The 8th Circuit Court of Appeals has issued a ruling in a very interesting case involving a Ten Commandments monument in Fargo, North Dakota, granting standing to a group called the Red River Freethinkers in a legal challenge to such a monument on city property. Like most other such monuments, this one was donated to the city by the Fraternal Order of the Eagles in the early 60s.
The procedural history of this case makes it fascinating. In 2002, Red River Freethinkers sued the city over that monument, wanting it removed, and the district court ruled against them. But in that ruling, one of the reasons offered by the court was that the public would “perceive the mall as a public forum,” where all groups were free to put up displays and that would be “less likely to be seen as the exclusive dominion of the state.” So the RRF decided to try a different tactic. If this is really a public forum, they should have the same access to it that other groups did and they submitted their own monument that read:
THE GOVERNMENT OF THE UNITED STATES OF AMERICA IS NOT, IN ANY SENSE FOUNDED ON THE CHRISTIAN RELIGION
FROM THE TREATY OF TRIPOLI, APPROVED UNANIMOUSLY BY THE UNITED STATES SENATE, JUNE 7, 1797. SIGNED BY PRESIDENT JOHN
PRESENTED TO THE CITY OF FARGO BY THE RED RIVER FREETHINKERS IN RECOGNITION OF THE FIRST AMENDMENT RIGHT OF EVERY AMERICAN TO BELIEVE, OR NOT BELIEVE, IN ANY GOD
The city council, on the advice of their attorney, decided instead to move the monument to private property, but that set off a firestorm from local residents, who demanded that it remain on public grounds. A petition drive gathered more than 5,000 signatures urging the city council to stand firm and refuse to move the monument and to reject the Freethinkers’ monument as well. In July, 2007 the council adopted an ordinance prohibiting the removal of that monument from city property, and a month later voted to reject the Freethinkers’ monument.
That led to a second lawsuit, arising from the actions of the city after the first suit. But the district court ruled, bizarrely, that they could not bring that suit because it had already been tried in court and they lost — as if the subsequent legal actions of the city were meaningless and did not give rise to a new set of legal arguments. But they clearly did, of course, because the city had now legally and officially contradicted the public forum argument they had maintained in the earlier case. The judge dismissed the case based on standing grounds as well.
The 8th Circuit has now reversed that decision by a 2-1 vote. The dissenting judge took a truly warped position:
The Commission’s actions took place in the context of a long-established monument, one that had been judicially determined not to convey any Establishment Clause message. The Commission’s initial decision to move the existing monument from its long-standing site can best be understood as an exercise in pragmatism—one intended to forestall a challenge to its decision not to accept Freethinkers’s offer to erect a “sister” monument. In light of this background, no reasonable observer would conclude that the Commission’s adoption of the initiated ordinance also adopted and conferred upon the monument the religious views of the ordinance’s proponents.
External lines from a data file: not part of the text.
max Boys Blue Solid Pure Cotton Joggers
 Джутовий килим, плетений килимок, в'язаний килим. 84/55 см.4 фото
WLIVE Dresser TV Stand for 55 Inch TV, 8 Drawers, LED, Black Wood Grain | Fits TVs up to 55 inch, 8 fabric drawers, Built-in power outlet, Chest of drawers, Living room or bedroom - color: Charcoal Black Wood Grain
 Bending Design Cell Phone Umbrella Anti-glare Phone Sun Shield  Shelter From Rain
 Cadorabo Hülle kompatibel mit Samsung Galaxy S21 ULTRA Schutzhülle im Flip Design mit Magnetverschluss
Seriously? In the first lawsuit, the city argued and the court accepted the argument that the city property was a public forum, which legally means other groups can also place monuments there, and that therefore no reasonable person would view the display of that message as being endorsed by the government. But then the city adopted a policy that made it quite explicitly not a public forum, refusing to allow any contrary message to be displayed. By what possible reasoning does this not reverse the basis for the earlier decision? Granting exclusive access to Christian messages can’t be anything but an endorsement of that message.